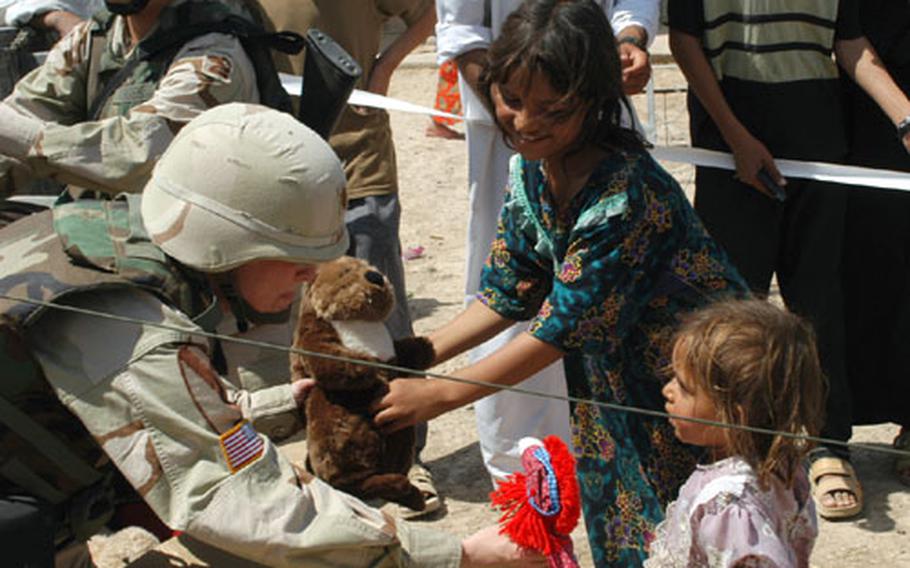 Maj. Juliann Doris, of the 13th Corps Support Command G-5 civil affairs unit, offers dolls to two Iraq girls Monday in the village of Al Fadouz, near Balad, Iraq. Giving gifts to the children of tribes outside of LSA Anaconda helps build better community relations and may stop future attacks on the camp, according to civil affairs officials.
* * *
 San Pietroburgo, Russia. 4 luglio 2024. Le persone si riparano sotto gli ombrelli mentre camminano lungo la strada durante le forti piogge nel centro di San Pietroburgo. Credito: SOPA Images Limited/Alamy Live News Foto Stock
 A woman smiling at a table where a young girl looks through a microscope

Task prompt =
Please give back, exactly as it stands above, the stretch from the line with "San Pietroburgo, Russia." through the line with "A woman smiling", and no line outside it.

Written reply =
 San Pietroburgo, Russia. 4 luglio 2024. Le persone si riparano sotto gli ombrelli mentre camminano lungo la strada durante le forti piogge nel centro di San Pietroburgo. Credito: SOPA Images Limited/Alamy Live News Foto Stock
 A woman smiling at a table where a young girl looks through a microscope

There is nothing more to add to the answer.